Encontrei a J. no meio da estrada, visivelmente alterada, e ladeada por dois homens. A madrugada de sábado misturava-se já com a manhã de domingo, quando a cena fez parar o trânsito que, naquele horário, deveria fluir sem maiores perturbações.
Ninguém poderia avançar enquanto a miúda continuasse por ali a cirandar desgovernada, e sem qualquer intenção de seguir viagem com o senhor que, desesperado, tentava convencê-la a entrar no carro.
Sem mais informações, para além da minha observação, num primeiro momento, pensei que estaria diante de uma pessoa alucinada, precisando de ajuda para não se machucar. Depois, a presença de duas figuras masculinas, tentando dominar os movimentos de uma mulher, ativou em mim receios de uma possível agressão.
Em qualquer dos casos, seguir caminho como se nada fosse não me pareceu opção. Já de porta aberta, ofereci-me para ajudar, numa negociação que se revelou mais fácil do que todo aquele impasse parecia antecipar.
A rapidez com que a J. entrou no Uber em que eu seguia, quebrando a resistência que até ali não desarmava, fez-me reforçar a ideia de que talvez houvesse mesmo um sentimento de insegurança em relação àqueles homens. Fosse como fosse, do meu lado estava uma desconhecida, claramente incapacitada, e eu me ofereci para lhe dar boleia até em casa.
Foi então, que, finalmente, entendi a situação. O senhor que não a largava estava a transportá-la no seu Uber, quando, aproveitando-se de uma parada num sinal, a J. abriu a porta e saiu desorientada. Toda a agitação a que assisti correspondia, afinal, aos seus esforços de reencaminhá-la para o carro.
Contou-me que o serviço tinha sido solicitado pela polícia e enquanto procurava a morada da cliente em fuga, partilhou tudo o que sabia.
Explicou que os agentes responderam a uma queixa sobre uma mulher tresloucada, que andava na rua arranjando confusão com tudo e com todos, e, no local, resolveram despachá-la de Uber.
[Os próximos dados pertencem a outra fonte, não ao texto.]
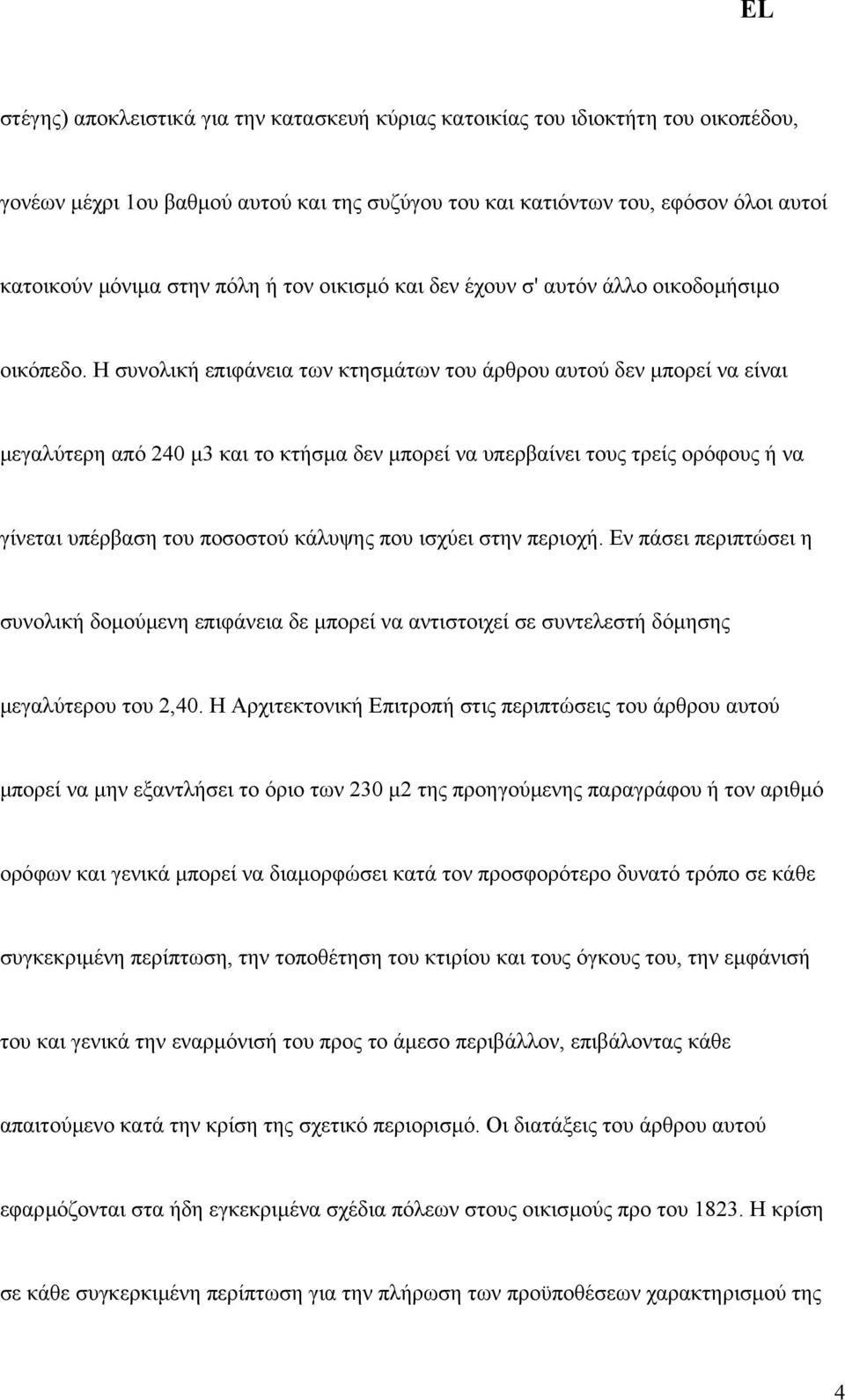 Η συνολική επιφάνεια των κτησµάτων του άρθρου αυτού δεν µπορεί να είναι µεγαλύτερη από 240 µ3 και το κτήσµα δεν µπορεί να υπερβαίνει τους τρείς ορόφους ή να γίνεται υπέρβαση του ποσοστού κάλυψης που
“Mulher negra raivosa”. Questionei-me sobre o possível enquadramento daquela ação policial, e, entre preocupações com a segurança da J. —que se tinha transformado na minha prioridade— não consegui deixar de pensar no que me poderia ter acontecido naquela mesma situação.
Infelizmente, a minha vivência aliada à consciência racial, indica-me que a história seria radicalmente diferente. Ao contrário da J. sou uma mulher negra, e afirmo, sem hesitar, que se estivesse a provocar desacatos na rua, descontrolada, ao ponto de haver necessidade de intervenção policial, não acabaria no banco traseiro de um Uber, a caminho de casa.
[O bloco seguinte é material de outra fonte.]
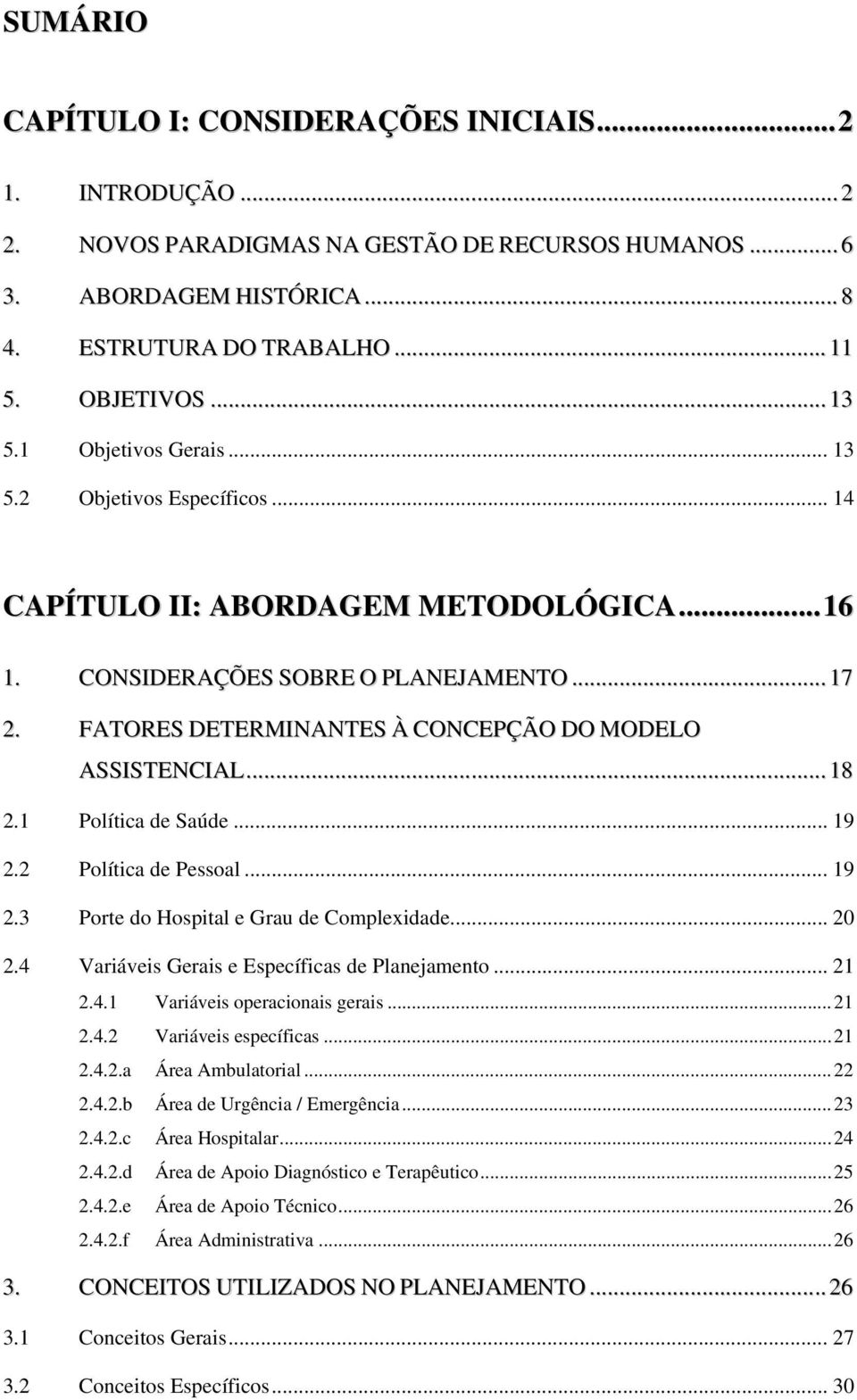 FATORES DETERMINANTES À CONCEPÇÃO DO MODELO ASSISTENCIAL... 18 2.1 Política de Saúde... 19 2.2 Política de Pessoal... 19 2.3 Porte do Hospital e Grau de Complexidade... 20 2.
Seria automaticamente rotulada de selvagem e perigosa, vista como uma “mulher negra raivosa”, e, imediatamente algemada, e conduzida à esquadra mais próxima, para uma lição de ‘civilização’. Ainda bem que não foi isso que aconteceu à J. Ainda mal que tenha sucedido a Cláudia Simões, mulher negra violentamente agredida por um agente, e condenada em tribunal por se ter defendido.
Escrevo e escreverei sempre contra isso, e digo ao que venho, sem pedir licença.
Procuro fazê-lo respeitando um princípio de que raras vezes me beneficio: o da presunção de inocência. Culpada até prova em contrário, habituei-me, desde cedo, a preparar a minha defesa de vida com o máximo de conhecimento, e o mínimo de comprometimento.
Escrito de outro modo, estudei para me ilibarem da condenação de menoridade intelectual, e me especializei em disfarçar dores, suportando-as calada, e até certo ponto resignada.
Deixei de o conseguir fazer quando percebi que o meu silêncio estava pesando sobre os meus sobrinhos, mais de três décadas depois de ter vivido a minha infância.
Se hoje falo de racismo é sobretudo para que as gerações que me procedem não sofram os mesmos condicionamentos, e, mais do que isso, para que consigam quebrar velhos padrões de encolhimento. Ao mesmo tempo, faço por honrar os combates de quem me precedeu, e demasiadas vezes pagou com a própria vida o que agora reconhecemos como um direito.
As minhas palavras, tal como os nossos passos, vêm de longe, e é com elas que luto, a partir de agora também por aqui.